Image-caption web data
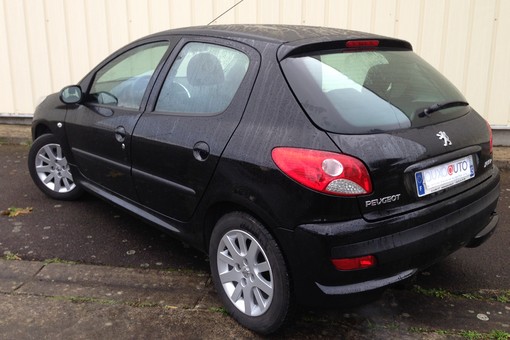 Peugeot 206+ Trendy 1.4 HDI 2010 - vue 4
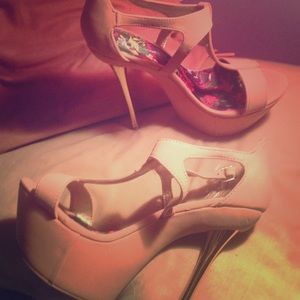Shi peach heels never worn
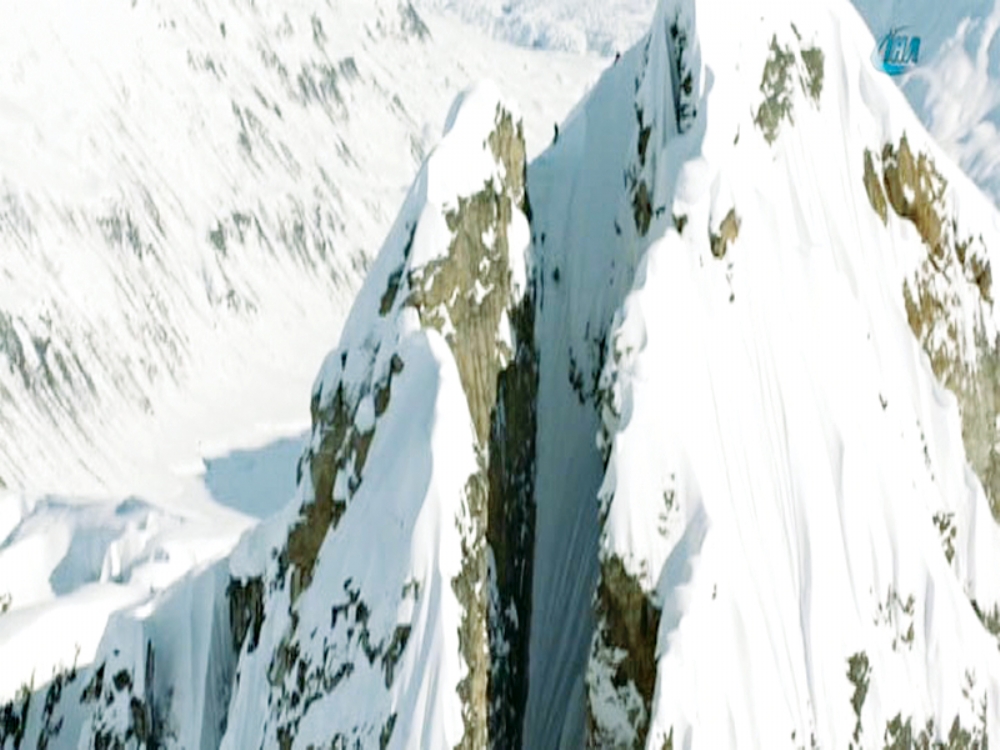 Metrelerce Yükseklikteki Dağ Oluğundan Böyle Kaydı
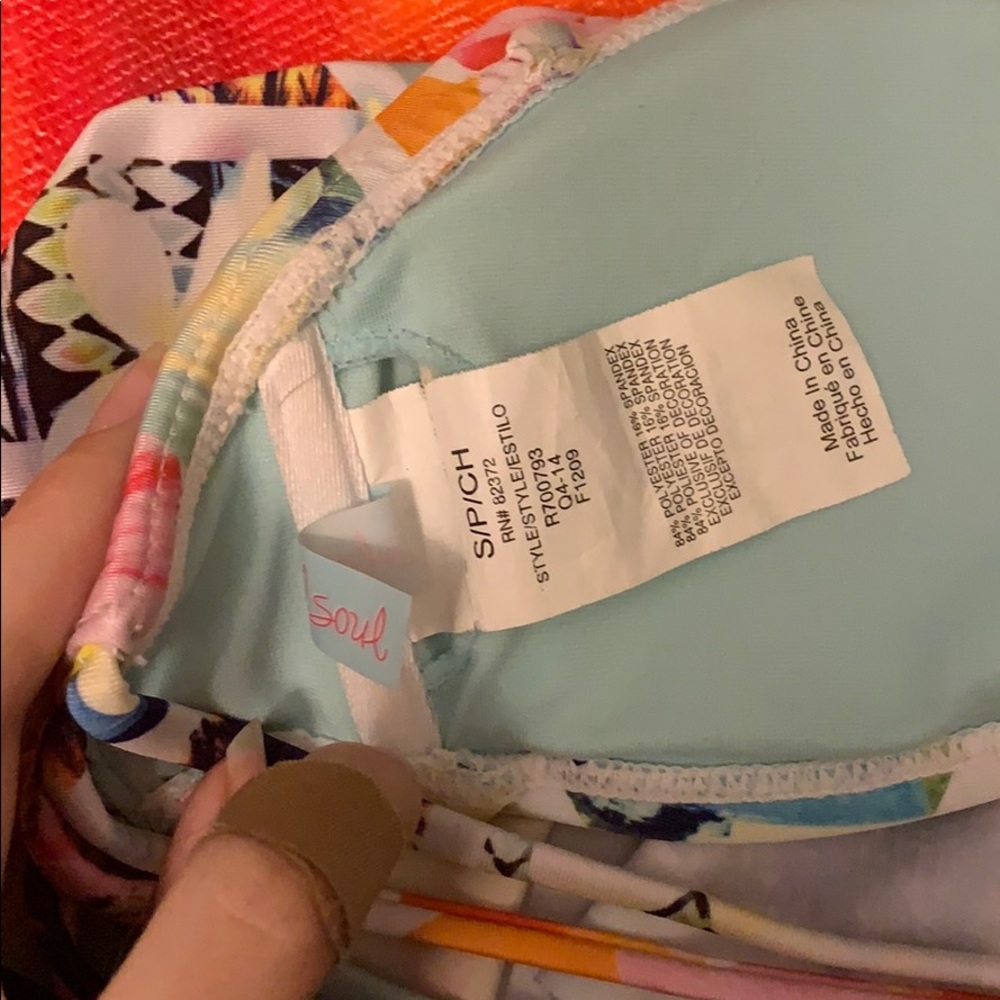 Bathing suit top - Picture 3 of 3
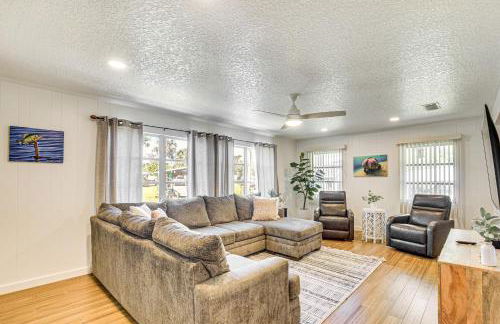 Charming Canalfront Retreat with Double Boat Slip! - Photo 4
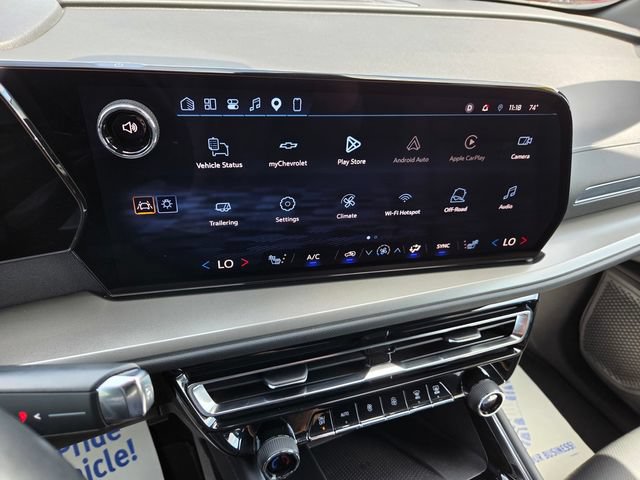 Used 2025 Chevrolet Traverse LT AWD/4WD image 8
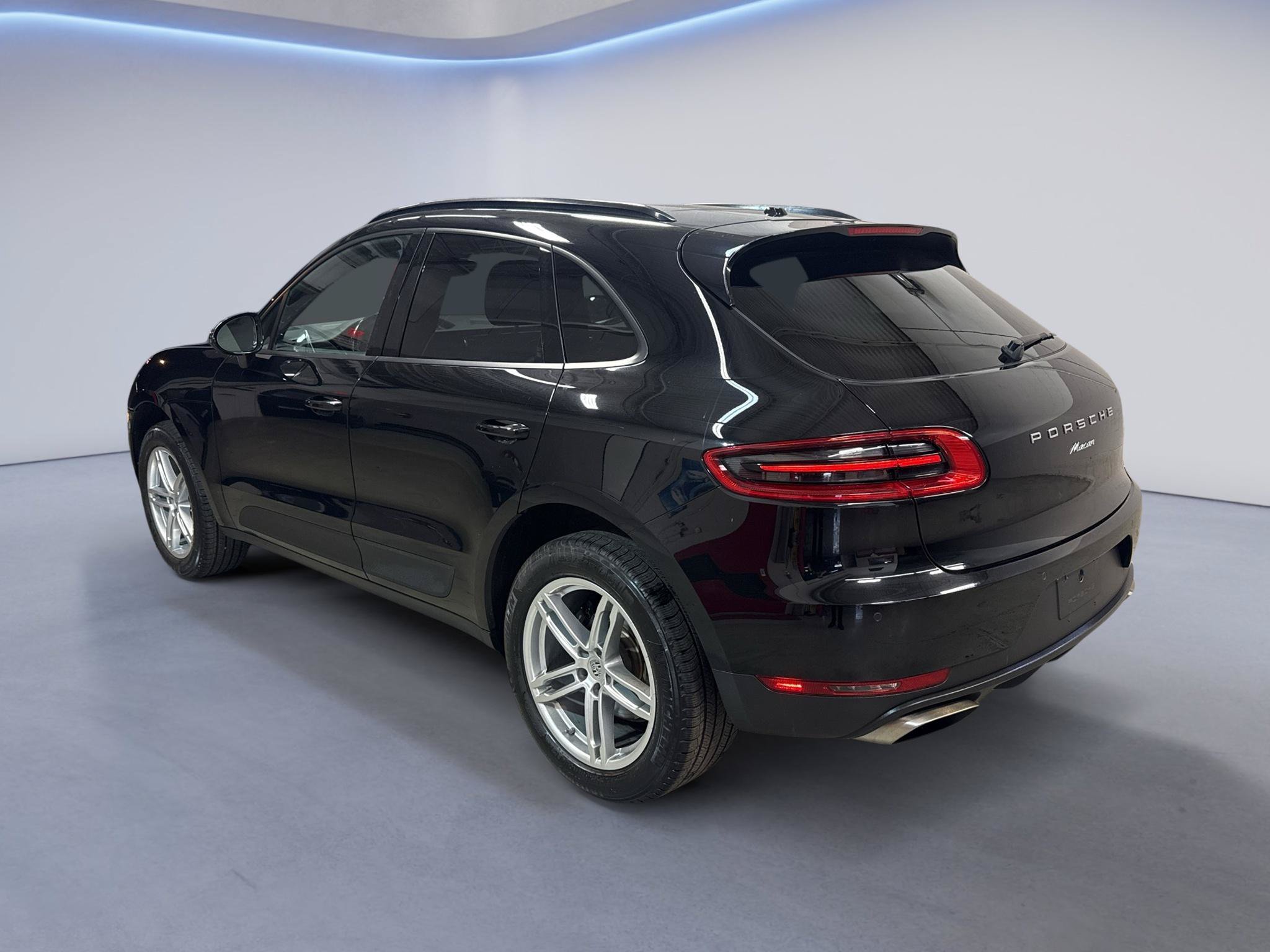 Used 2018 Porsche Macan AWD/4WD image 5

* TASK DESCRIPTION: Set down each entry again exactly as written. Pictures stay out.

* TASK OUTPUT:
 Peugeot 206+ Trendy 1.4 HDI 2010 - vue 4
Shi peach heels never worn
 Metrelerce Yükseklikteki Dağ Oluğundan Böyle Kaydı
 Bathing suit top - Picture 3 of 3
 Charming Canalfront Retreat with Double Boat Slip! - Photo 4
 Used 2025 Chevrolet Traverse LT AWD/4WD image 8
 Used 2018 Porsche Macan AWD/4WD image 5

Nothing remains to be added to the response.